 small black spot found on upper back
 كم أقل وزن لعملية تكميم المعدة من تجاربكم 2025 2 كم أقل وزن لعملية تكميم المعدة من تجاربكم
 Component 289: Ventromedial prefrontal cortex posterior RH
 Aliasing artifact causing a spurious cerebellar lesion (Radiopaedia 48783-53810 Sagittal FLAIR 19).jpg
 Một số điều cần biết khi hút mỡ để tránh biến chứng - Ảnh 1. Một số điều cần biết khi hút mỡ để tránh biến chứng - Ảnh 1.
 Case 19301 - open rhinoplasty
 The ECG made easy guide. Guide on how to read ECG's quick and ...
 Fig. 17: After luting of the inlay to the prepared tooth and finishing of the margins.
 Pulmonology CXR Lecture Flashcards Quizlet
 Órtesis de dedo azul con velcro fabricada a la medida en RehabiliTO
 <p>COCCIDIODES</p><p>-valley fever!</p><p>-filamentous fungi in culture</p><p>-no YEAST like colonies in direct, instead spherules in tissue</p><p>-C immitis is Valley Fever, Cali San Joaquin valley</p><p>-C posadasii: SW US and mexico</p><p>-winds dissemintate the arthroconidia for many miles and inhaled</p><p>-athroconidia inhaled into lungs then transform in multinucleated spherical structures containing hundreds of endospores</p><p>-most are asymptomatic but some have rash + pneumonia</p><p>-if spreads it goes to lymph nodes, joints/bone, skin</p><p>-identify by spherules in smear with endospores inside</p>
+ + + + +
- **What you have to do**
Your answer must be the line that contains "- Ảnh 1. Một" and every line after it to the end of the records, reproduced exactly.

- **Answer area**
 Một số điều cần biết khi hút mỡ để tránh biến chứng - Ảnh 1. Một số điều cần biết khi hút mỡ để tránh biến chứng - Ảnh 1.
 Case 19301 - open rhinoplasty
 The ECG made easy guide. Guide on how to read ECG's quick and ...
 Fig. 17: After luting of the inlay to the prepared tooth and finishing of the margins.
 Pulmonology CXR Lecture Flashcards Quizlet
 Órtesis de dedo azul con velcro fabricada a la medida en RehabiliTO
 <p>COCCIDIODES</p><p>-valley fever!</p><p>-filamentous fungi in culture</p><p>-no YEAST like colonies in direct, instead spherules in tissue</p><p>-C immitis is Valley Fever, Cali San Joaquin valley</p><p>-C posadasii: SW US and mexico</p><p>-winds dissemintate the arthroconidia for many miles and inhaled</p><p>-athroconidia inhaled into lungs then transform in multinucleated spherical structures containing hundreds of endospores</p><p>-most are asymptomatic but some have rash + pneumonia</p><p>-if spreads it goes to lymph nodes, joints/bone, skin</p><p>-identify by spherules in smear with endospores inside</p>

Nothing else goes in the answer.